En 1982, il n’y avait que Volcker , les autres gouverneurs de la Fed n’étaient pas là et les autres banquiers centraux non plus. On ne s’attendait à aucune annonce, personne n’était suspendu aux lèvres de Volcker, personne n’attendait l’oracle, la pythie. On savait ou on allait , on connaissait la politique de Volcker; venir à bout de l’inflation, lui briser les reins et rien d’autre. Nulle attente de révélation, nul arbitraire, nul « fine tuning ». Il y avait une ligne, on savait ou on allait. Et c’est tout. La fonction de Volcker était d’éclairer l’avenir, de le baliser, pas de le produire d’un coup de baguette magique. Et puis il y avait des contradicteurs, des vrais débats, toutes les mouches n’étaient pas dans le même bocal ! En particulier, le fameux Tobin, pas du tout d’accord!
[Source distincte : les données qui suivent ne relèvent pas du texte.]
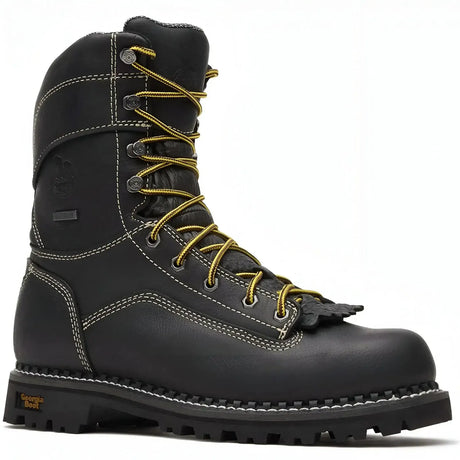 Georgia Boot AMP LT Logger Low Heel Waterproof Work Boot Black Inner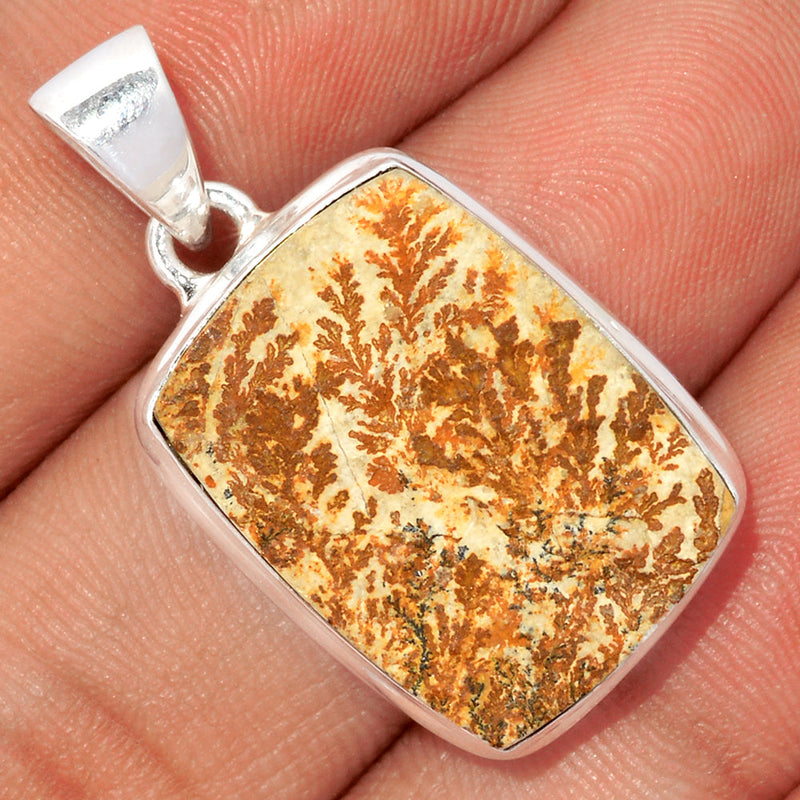 1.3" Psilomelane Dendrite German Pendants - PDGP860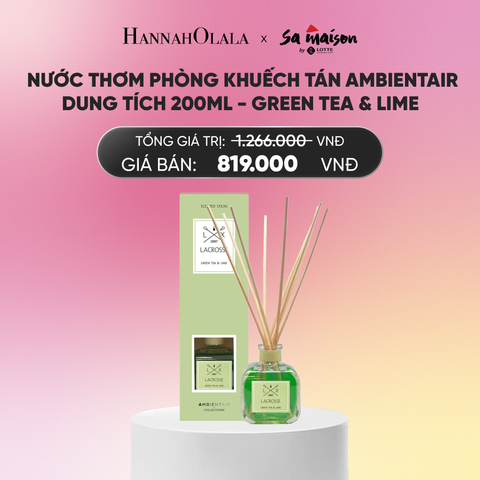  FLASH DEAL 3: NƯỚC THƠM PHÒNG KHUẾCH TÁN AMBIENTAIR, DUNG TÍCH 200ML AMBER & CLOVE_A646 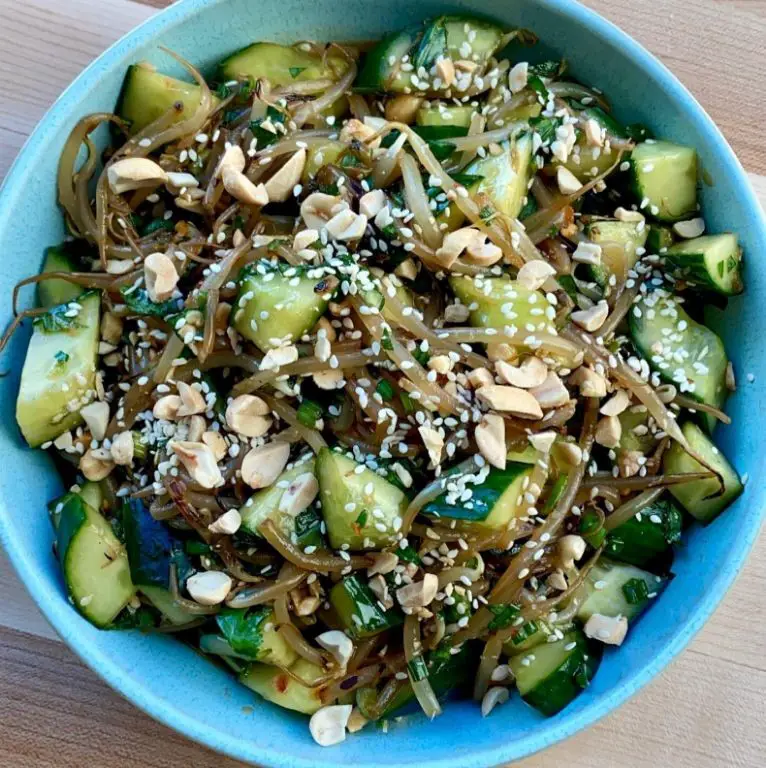 Bean Sprout and Cucumber Salad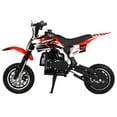 thumbnail image 7 of Kids Mini 50CC Gas Dirt Bike, 2 Stroke Ride on Bike with Off-Road Tire, Shocks, Pull Start, Oil Mixed Required, Support Up to 165lbs,Max Speed 20Mph, Age 8+, 7 of 7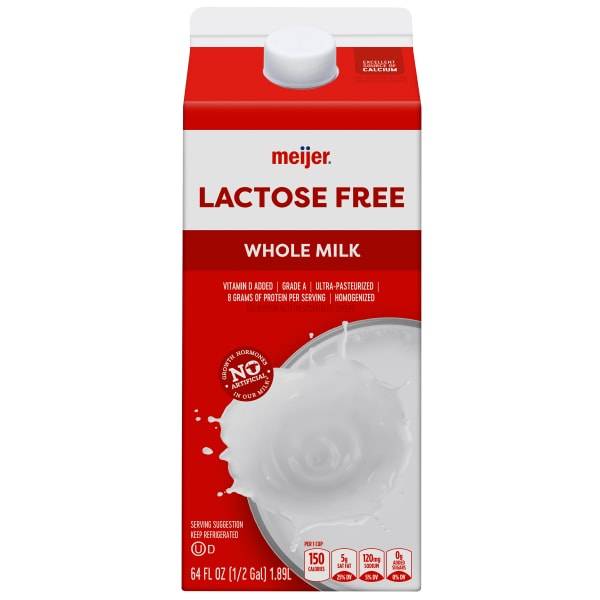 Meijer Lactose Free Whole Milk (1/2 gal)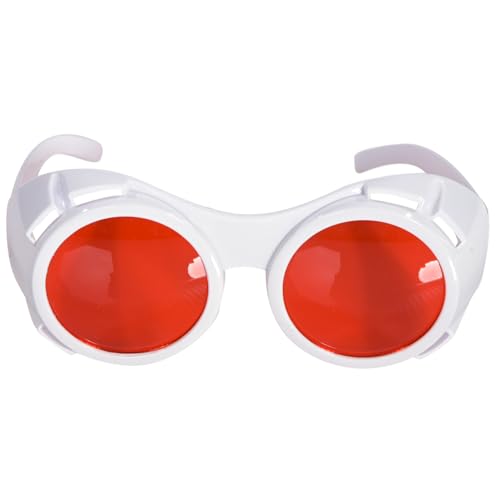 Chocolate Factory Hyper Vision Googles Television Room Glasses with Plastic Frames and Red Lenses Adult Halloween Costume Accessory - One Size Fit Most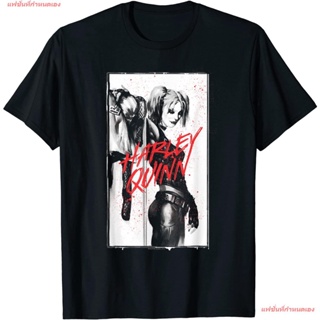 แฟชั่นที่กำหนดเอง Harley Quinn Inked Quinn Black T-Shirt เดอะ ซุยไซด์ สควอด เสื้อยืดพิมพ์ลาย cotton เสื้อคอกลม  เสื้อยืด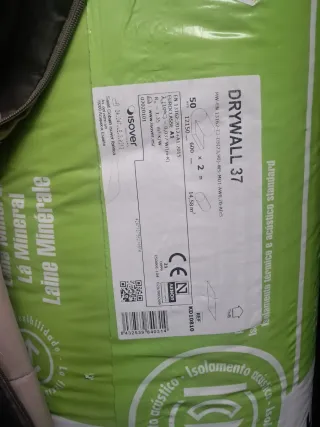 Aislamiento Isover 50mm Lana Mineral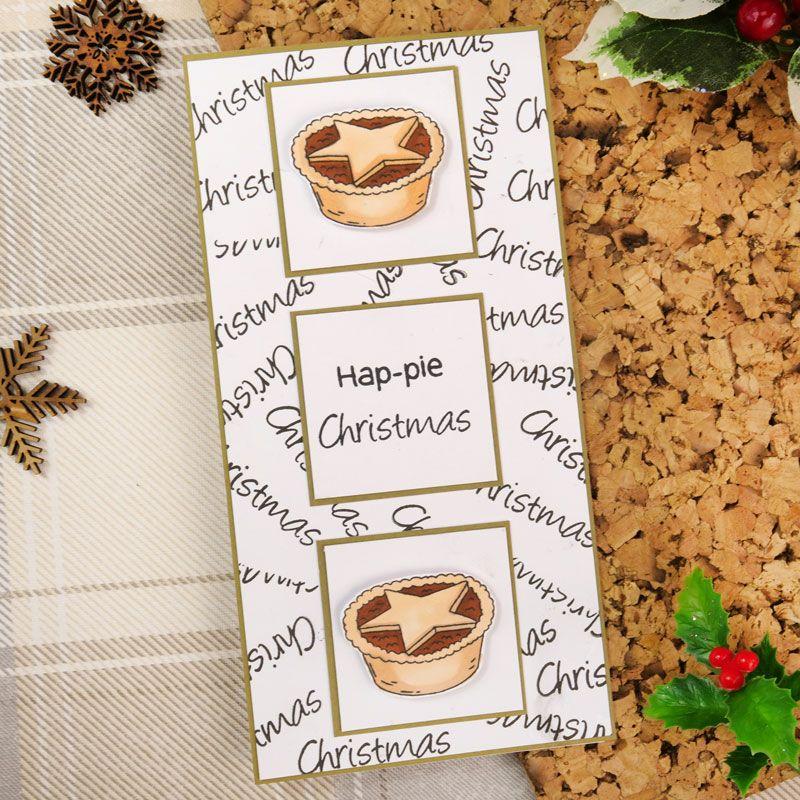 For the Love of Stamps - Hap-pie Christmas-3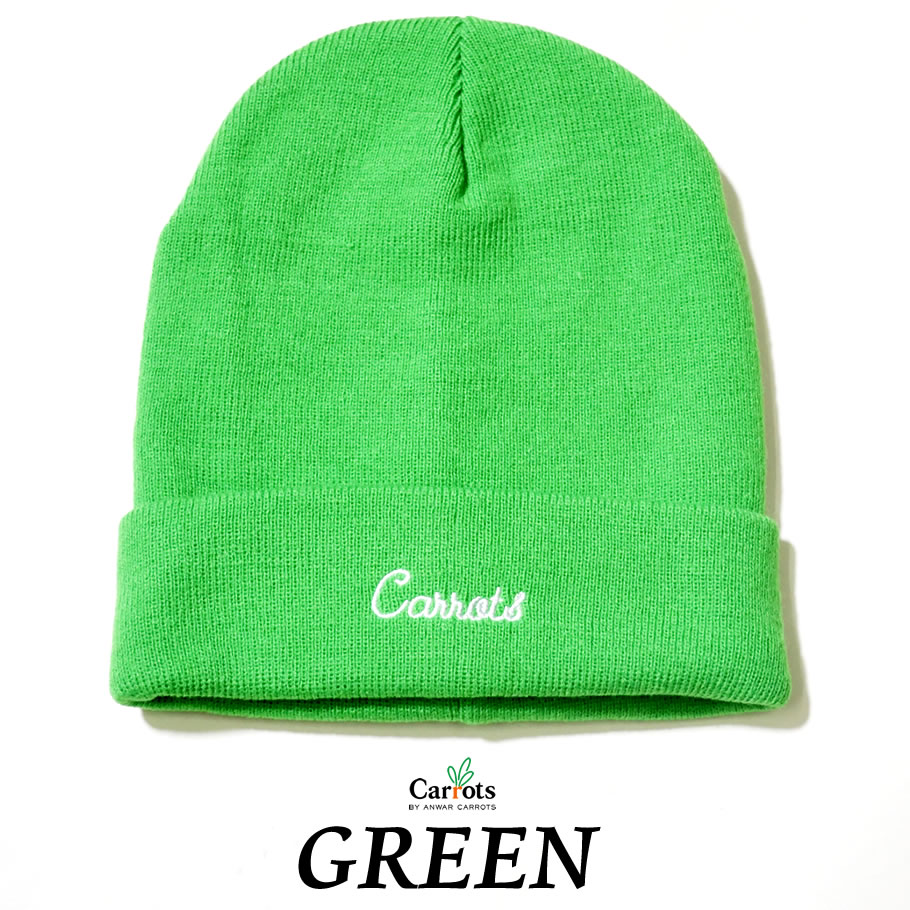 Carrots キャロッツ ニットキャップ 帽子 メンズ CURSIVE BEANIE CFA18-CB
En ce temps là, les taux étaient à un peu plus de 10%; vous lisez bien plus de 10%, venant de 19%! Aujourd’hui le taux est de 0,5% et on tremble à l’idée d’y ajouter un quart de point! On prépare les esprits depuis … 2013 à une tentative de normalisation qui n’en sera pas une . Ailleurs, en Eurozone, en Suisse, au Danemark, en Suède, au Japon les taux sont négatifs!
Contrairement aux commentaires de la presse et des observateurs, la réunion de Jackson Hole n’ a pas, accouché d’un souris, elle a posé les bases d’un socle pour l’action future de la banque centrale hégémonique mondiale; ce socle est “dovish”, colombe. Il implique qu’il n’y aura pas de retour en arrière, que la parenthèse ne sera pas refermée. Le bilan de la Fed restera colossal, les taux très bas et au moindre vent contraire, on inflatera à nouveau ce bilan. Compte tenu de la corrélation étroite entre d ‘un coté les indices boursiers et de l’autre la taille du bilan, l’objectif de Yellen, c’est un plateau le plus étalé possible, puis au moindre soufle contraire, un nouveau bond en avant.
Les marchés ne peuvent baisser sévèrement que … si cela va bien.